Like all those who tinker with capitalism, Wilson assumed (for there is no evidence for anything stronger than an assumption) that the system’s ailments can be reformed out of existence. This is a policy which encourages workers to support capitalism, on the argument that it does not need to be a system which is unable to meet human needs. But that, inexorably, is the reality of it — as Shelter is now finding out.
By their blindness to this feature of capitalism, organisations like Shelter actually aggravate the very problems they claim to be able to solve. Which means that while whizz kids sparkle the suffering goes on.
The martyr of Southwark
At a stroke Peter Tatchell was transformed by Foot’s harsh words about him in the Commons. From an obscure candidate in what was once a rock safe Labour scat, Tatchell became that most ephemeral of things — a popular left wing martyr.
It all began with Tatchell’s article in London Labour Briefing, in which, in characteristically obscure wording, he seemed to advocate the kind of protest action which Foot himself was once associated with.
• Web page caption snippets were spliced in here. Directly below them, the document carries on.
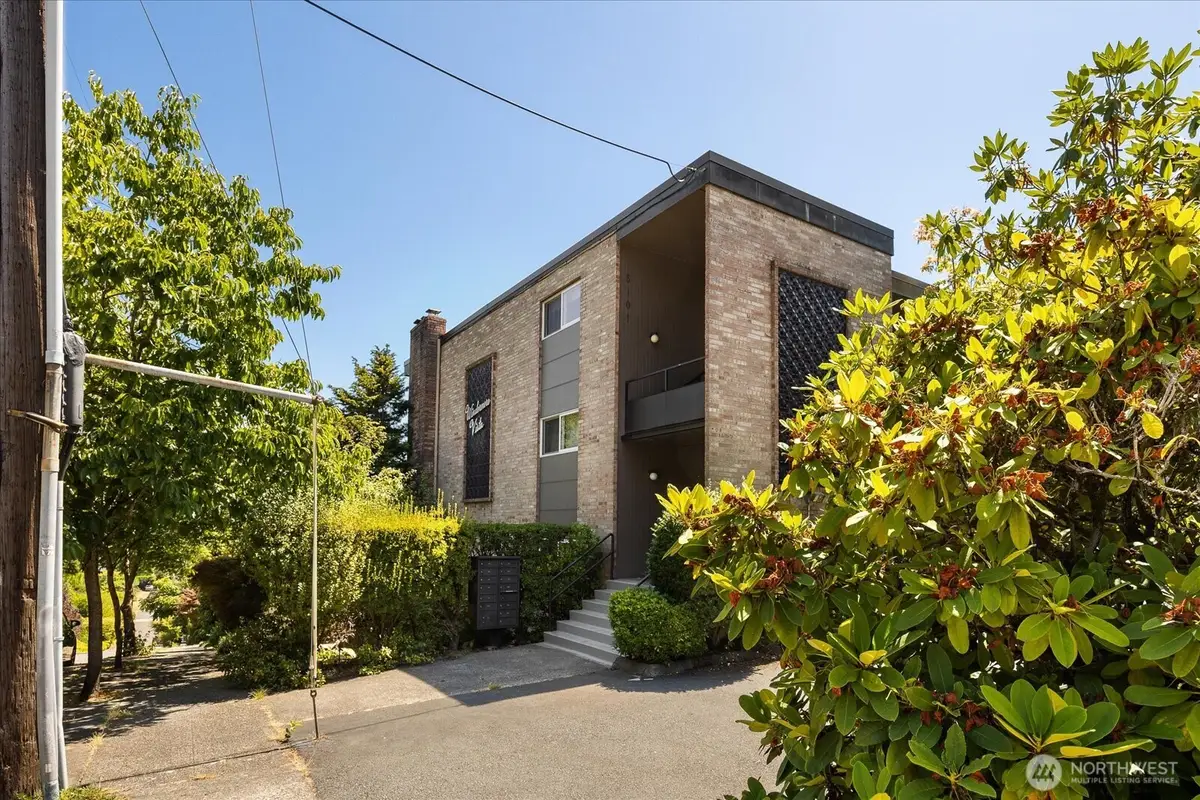 5101 NE 55th Street #103, Seattle, WA 98105 - #1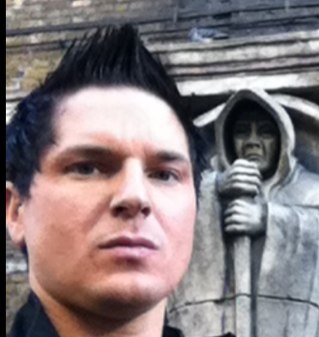 I have dedicated my life to Zak Bagans!❤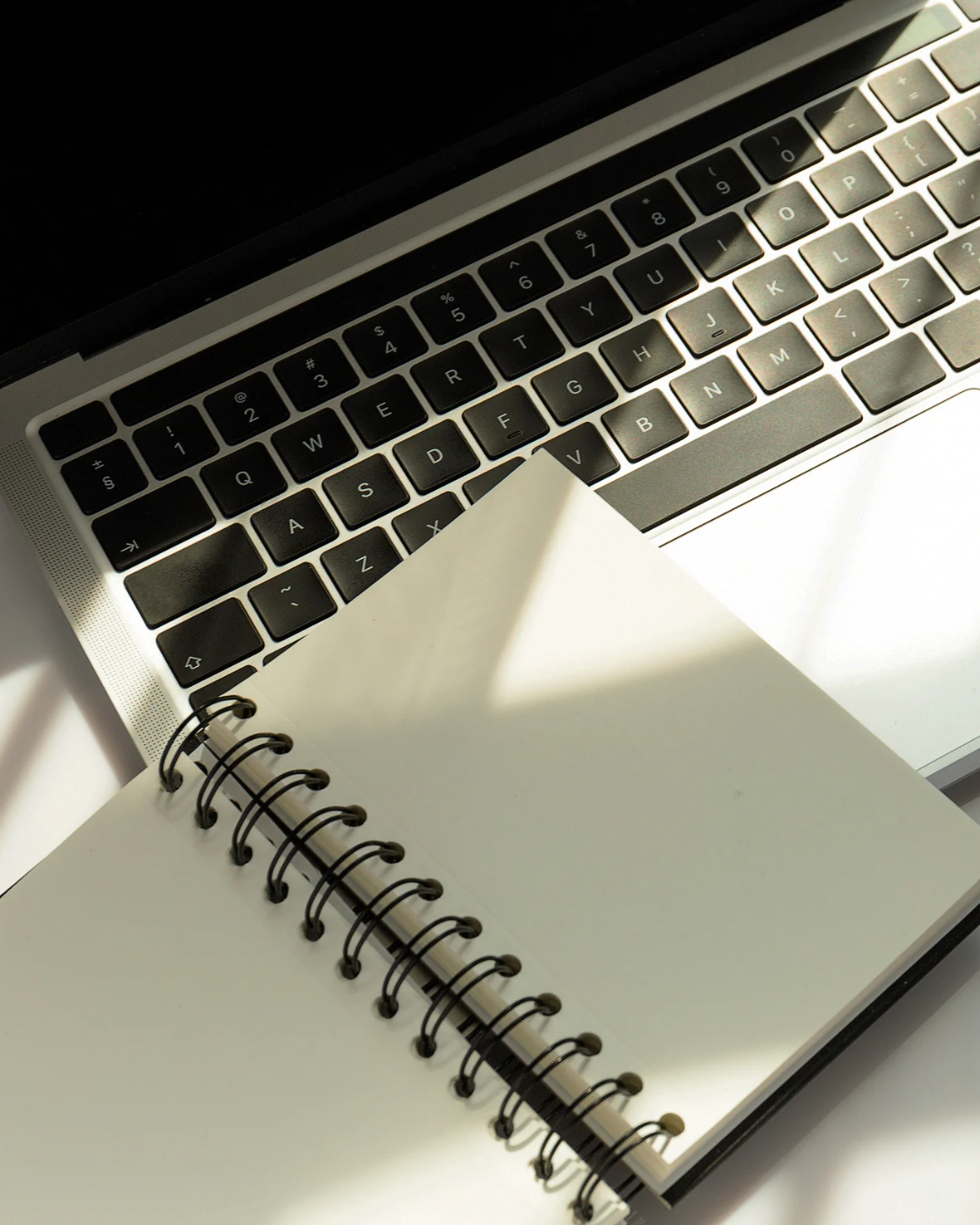 laptop en notitieboek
But of course it is permissible to march, demonstrate and protest when you arc nowhere near government, or don’t want to get into office. Foot’s problem is holding together the Labour Party as an alternative administration for British capitalism. The indiscretions of his past are now an embarrassment to him.
In fact, the Labour leader cannot fairly complain. The Labour Party takes in everyone and anyone, with rarely any reference to their opinions. You pay your money; you take your membership card. In the case of Tatchell, they have recruited someone who can write this:
Without . . . a mass popular base consciously demanding and organising for a thorough-going socialist transformation of our society, the prospects of electing a radical Labour government look bleak indeed.
Clearly, Tatchell does not realise that if there were a mass of workers consciously demanding a transformation of society the last thing they would do would be to elect a Labour government to try to run capitalism. Their very consciousness would inform them that the Labour Party is one of their many enemies, standing for the interests of the British capitalist class.
Then again, a politically aware majority of workers will not be wasting their time electing governments, whether they are called radical or not. No government can establish socialism, which must be the task of the working class themselves, using a democratic tool to bring in the society which, among other things, will abolish government.
The Labour candidate (as he was) for Bermondsey is palpably confused. His clash with Foot is a case of misguided youth against cynical age. Not an inspiring spectacle; but then, when has the Labour Party inspired anything other than disgust?